**Work instructions:** Give the data below again exactly as written, but without the pictures.

**Caption-style text data:**
-------------------------

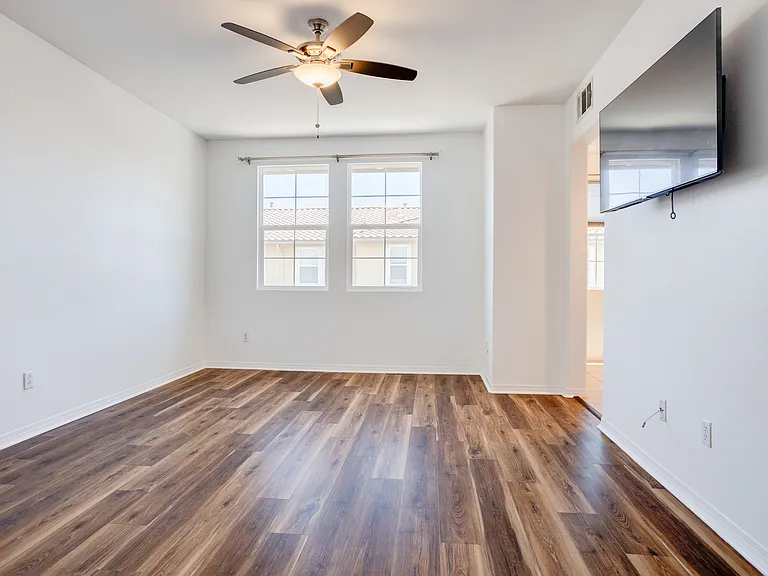 28566 Herrera St — Photo 28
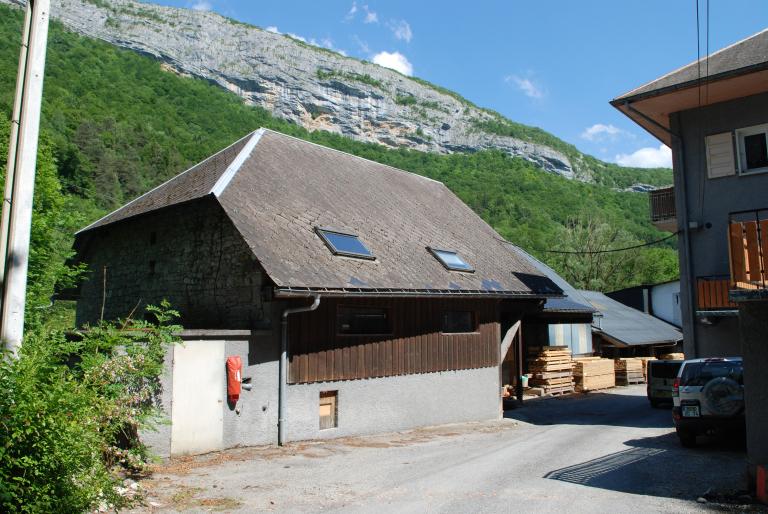 scierie puis scierie, moulin, battoir à chanvre, actuellement scierie et micro-centrale hydroélectrique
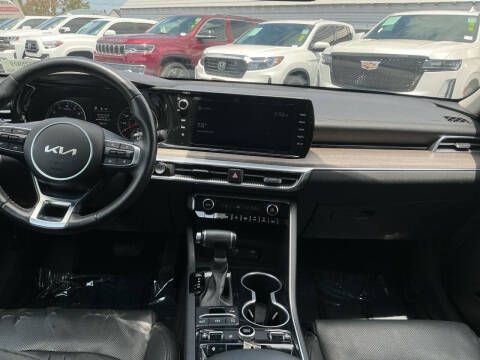 2022 Kia K5 EX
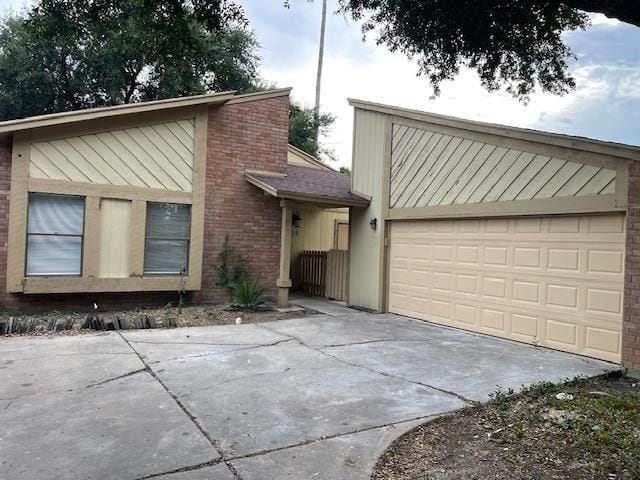 property at 914 Blue Bonnet Dr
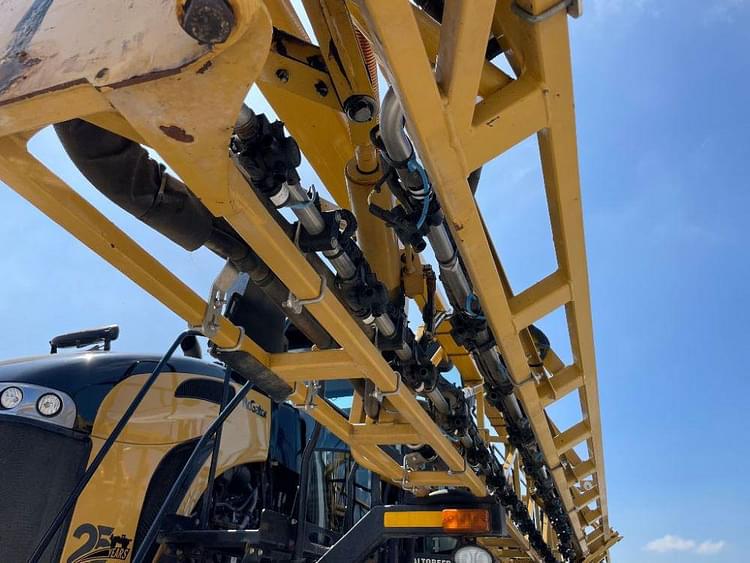 Main image RoGator RG1300C 91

-------------------------

**Answer to the problem:**
 28566 Herrera St — Photo 28
 scierie puis scierie, moulin, battoir à chanvre, actuellement scierie et micro-centrale hydroélectrique
 2022 Kia K5 EX
 property at 914 Blue Bonnet Dr
 Main image RoGator RG1300C 91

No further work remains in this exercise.